特に「ガラスの靴」ははっきり読んだのを記憶していますが、内容はまったく覚えていないのですよね。うーん…あまりに昔だからかな。その香り、というより淡い色合いみたいなものだけが残っているのですよね。

私の読書体験は、高校生になって村上春樹氏の最初の2作を読んだことでネジがとんでしまって、それ以前の記憶があやふやになってしまっています。「ガラスの靴」は、たぶんその直前の中学を卒業する頃に読んでいるはずで、それを思い出しました。いきなりネジがふっとんだのではなく、最初のステップは「ガラスの靴」だったのです。

主人公の若い男性は昼間は学生、夜は銃砲店で夜警をしています。この男性は仕事の関係で、原宿にある占領軍のグレイゴー中佐の家でメイドをやっている女性と知り合います。中佐が長期留守にしている間、彼は毎日遊びに行くことになるのです。

この男性ま感覚がとても新鮮でした。たぶん、女子中学生だったときもそう感じたのでしょうね。「ガラスの靴」は昭和26年に雑誌に掲載された短編ですが、少しも古さを感じません。今読むと、むしろ現代的ではないかと。

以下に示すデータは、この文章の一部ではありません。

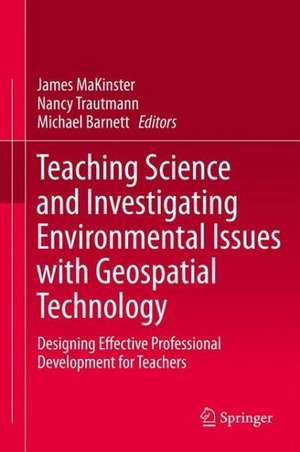 Teaching Science and Investigating Environmental Issues with Geospatial Technology: Designing Effective Professional Development for Teachers de James MaKinster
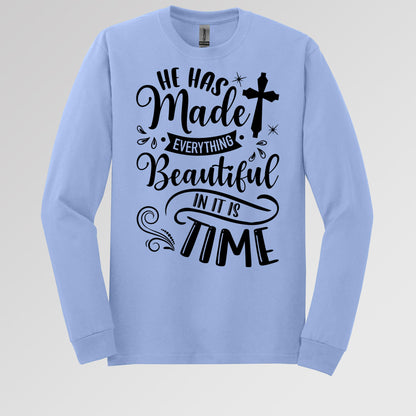 He Has Made Everything Beautiful In Its Time Ecclesiastes 3.11 12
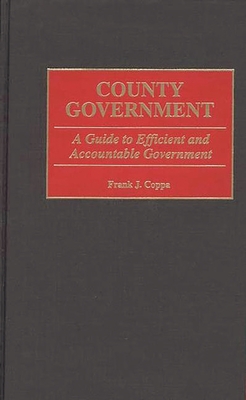 County Government: A Guide to Efficient and Accountable Government - Coppa, Frank J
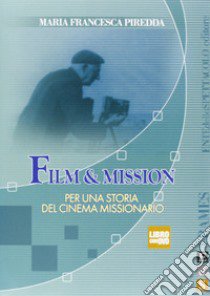 Film & mission. Per una storia del cinema missionario. Ediz. illustrata. Con DVD libro di Piredda M. Francesca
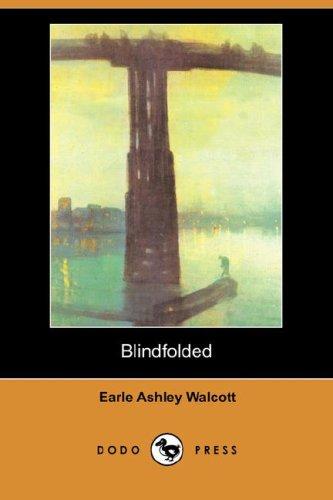 Earle Ashley Walcott: Blindfolded (Dodo Press) (Paperback, Dodo Press)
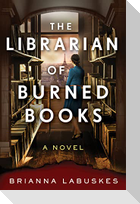 The Librarian of Burned Books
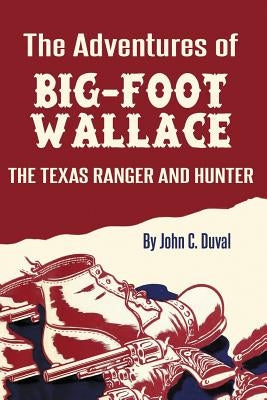 The Adventures of Big-Foot Wallace: The Texas Ranger and Hunter Paperback www.bnpublishing.com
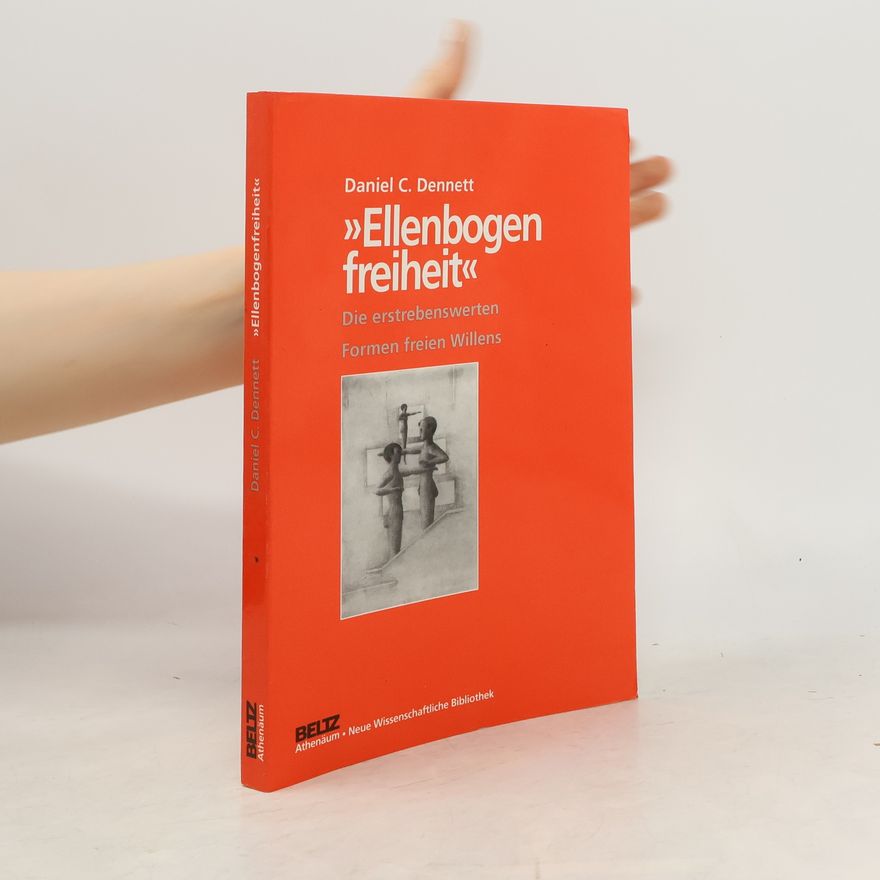 Daniel Clement Dennett Ellenbogenfreiheit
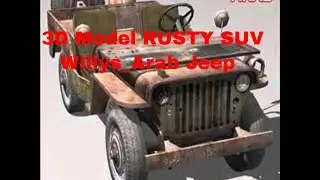 3D Model RUSTY SUV  Willys_Arab Jeep Review
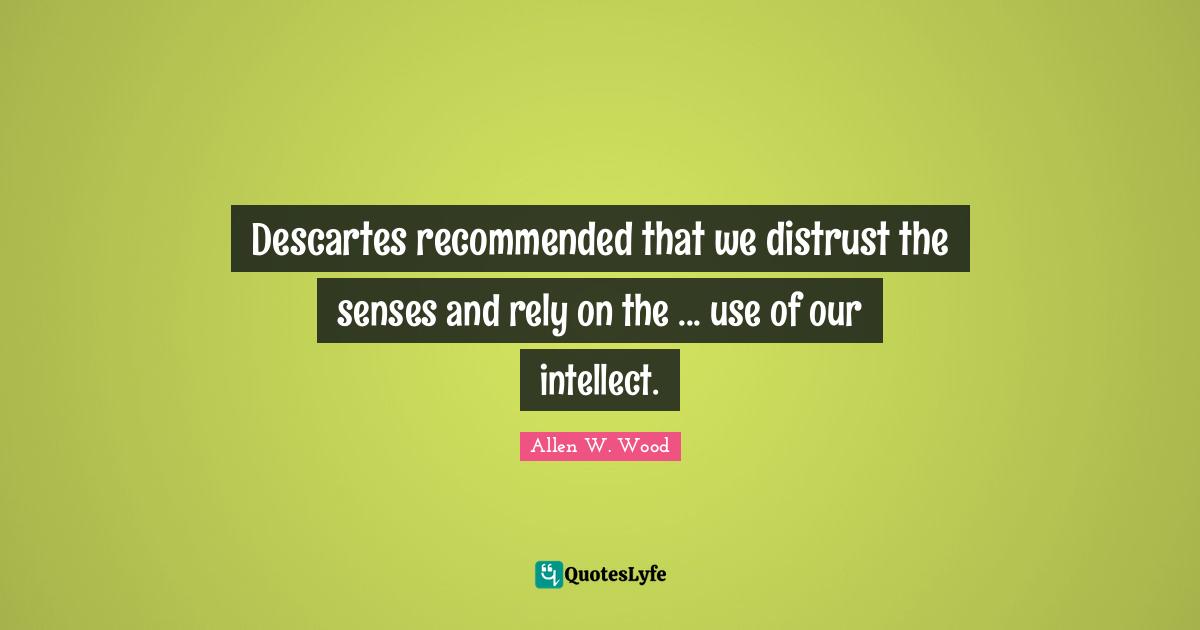 Descartes recommended that we distrust the senses and rely on the ... use of our intellect.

村上氏はこの作品を切羽詰まったファンタジーだと言います。「どうして切羽詰まっているかというと、作者はこの作品の中で『我々はどれだけ遠くまで現実から逃げられるか』ということを、ひとつの大きなテーマにしているからです。」

あ、なるほど、と思いました。逃げているんだなと。この逃げるという感覚が、中学生だった私にはしっくりきたのでしょう。私は内気でおっとりしたタイプでしたが、実際、逃げ足だけは早いと自覚していました。そもそも、前に進むことと逃げることが同じことを指していた年頃なのかもしれません。時代としても、そういう時代だったのか…。

年を取るにしたがって、だんだん逃げることが苦しくなってくる。時代も変わりました。

1997年刊のこの本の安岡章太郎の章の最後はこうまとめられています。

「一読者として、安岡章太郎という作家のそのような足跡をたどっていくこと自体、ひとつの貴重な文学体験であるだろうと僕は考えているわけです。そしてそれは、戦後文学の流れの中にある、何か重要なものを示唆しているのではないかと。」

 

連休中に残りを読んでしまおうと思います。